■ What needs to be done
Pull every line holding the string "Black" from the records below.

■ Records
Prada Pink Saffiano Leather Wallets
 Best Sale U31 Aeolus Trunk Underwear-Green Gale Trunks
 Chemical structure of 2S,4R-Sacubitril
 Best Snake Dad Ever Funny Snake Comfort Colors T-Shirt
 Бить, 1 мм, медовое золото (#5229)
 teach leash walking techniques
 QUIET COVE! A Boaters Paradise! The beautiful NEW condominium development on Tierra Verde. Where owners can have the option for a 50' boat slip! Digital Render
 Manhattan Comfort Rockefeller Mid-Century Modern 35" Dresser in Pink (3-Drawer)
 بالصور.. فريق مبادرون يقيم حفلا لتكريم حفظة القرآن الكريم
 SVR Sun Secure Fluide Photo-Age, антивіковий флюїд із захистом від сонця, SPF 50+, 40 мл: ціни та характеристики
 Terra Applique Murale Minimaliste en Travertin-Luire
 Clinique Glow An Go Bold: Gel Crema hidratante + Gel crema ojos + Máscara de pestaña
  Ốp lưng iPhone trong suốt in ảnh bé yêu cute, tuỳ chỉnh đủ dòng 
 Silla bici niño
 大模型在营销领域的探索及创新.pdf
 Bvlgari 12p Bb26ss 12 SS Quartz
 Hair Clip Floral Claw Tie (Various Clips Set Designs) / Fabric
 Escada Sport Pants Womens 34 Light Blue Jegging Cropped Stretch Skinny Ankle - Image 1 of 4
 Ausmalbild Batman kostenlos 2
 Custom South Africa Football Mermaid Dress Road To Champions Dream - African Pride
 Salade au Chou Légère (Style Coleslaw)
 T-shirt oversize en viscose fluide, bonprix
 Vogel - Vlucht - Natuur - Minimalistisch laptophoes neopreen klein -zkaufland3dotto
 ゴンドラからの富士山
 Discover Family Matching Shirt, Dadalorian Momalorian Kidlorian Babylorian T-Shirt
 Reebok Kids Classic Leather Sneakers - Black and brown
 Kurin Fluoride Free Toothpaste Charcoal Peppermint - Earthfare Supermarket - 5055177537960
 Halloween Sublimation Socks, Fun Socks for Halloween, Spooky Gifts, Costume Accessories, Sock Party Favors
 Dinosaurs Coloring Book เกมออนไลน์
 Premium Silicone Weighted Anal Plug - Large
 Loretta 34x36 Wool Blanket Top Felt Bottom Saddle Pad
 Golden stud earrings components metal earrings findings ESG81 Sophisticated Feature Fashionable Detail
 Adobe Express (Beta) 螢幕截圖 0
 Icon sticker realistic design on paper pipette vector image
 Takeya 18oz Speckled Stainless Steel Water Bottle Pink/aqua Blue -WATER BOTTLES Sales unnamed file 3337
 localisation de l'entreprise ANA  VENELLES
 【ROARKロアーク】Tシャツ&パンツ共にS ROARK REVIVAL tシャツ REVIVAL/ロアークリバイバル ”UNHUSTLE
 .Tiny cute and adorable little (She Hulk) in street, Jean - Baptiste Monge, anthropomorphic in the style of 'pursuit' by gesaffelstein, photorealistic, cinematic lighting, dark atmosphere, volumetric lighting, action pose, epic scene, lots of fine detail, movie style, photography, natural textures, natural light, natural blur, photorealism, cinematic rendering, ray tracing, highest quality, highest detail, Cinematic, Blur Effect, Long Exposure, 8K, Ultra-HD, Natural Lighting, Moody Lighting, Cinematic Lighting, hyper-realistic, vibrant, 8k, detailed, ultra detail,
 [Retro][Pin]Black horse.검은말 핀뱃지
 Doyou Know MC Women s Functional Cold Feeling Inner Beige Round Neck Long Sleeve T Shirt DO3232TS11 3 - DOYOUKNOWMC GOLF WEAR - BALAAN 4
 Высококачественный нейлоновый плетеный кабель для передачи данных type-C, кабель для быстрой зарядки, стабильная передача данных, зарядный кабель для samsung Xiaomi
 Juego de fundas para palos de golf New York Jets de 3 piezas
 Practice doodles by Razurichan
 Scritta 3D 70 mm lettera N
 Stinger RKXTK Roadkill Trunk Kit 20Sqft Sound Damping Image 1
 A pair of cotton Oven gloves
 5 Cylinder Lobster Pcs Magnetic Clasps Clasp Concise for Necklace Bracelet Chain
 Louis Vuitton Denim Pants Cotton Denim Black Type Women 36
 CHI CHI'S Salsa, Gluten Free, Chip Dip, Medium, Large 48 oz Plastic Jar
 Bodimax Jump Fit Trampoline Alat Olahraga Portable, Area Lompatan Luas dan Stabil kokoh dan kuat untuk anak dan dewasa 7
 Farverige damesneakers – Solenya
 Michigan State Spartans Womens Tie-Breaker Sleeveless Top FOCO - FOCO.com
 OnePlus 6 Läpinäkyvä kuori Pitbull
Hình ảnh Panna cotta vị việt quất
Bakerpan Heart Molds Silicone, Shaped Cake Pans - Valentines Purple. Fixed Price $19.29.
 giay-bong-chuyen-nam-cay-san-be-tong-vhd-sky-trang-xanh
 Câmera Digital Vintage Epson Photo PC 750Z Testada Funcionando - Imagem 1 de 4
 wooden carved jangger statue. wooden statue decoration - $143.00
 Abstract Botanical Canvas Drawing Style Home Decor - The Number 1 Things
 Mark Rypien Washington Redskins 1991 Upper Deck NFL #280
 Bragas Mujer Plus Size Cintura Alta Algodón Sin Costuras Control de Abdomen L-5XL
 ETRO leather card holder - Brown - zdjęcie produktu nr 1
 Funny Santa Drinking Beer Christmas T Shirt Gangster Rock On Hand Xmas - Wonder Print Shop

■ Response area
 Reebok Kids Classic Leather Sneakers - Black and brown
 [Retro][Pin]Black horse.검은말 핀뱃지
 Louis Vuitton Denim Pants Cotton Denim Black Type Women 36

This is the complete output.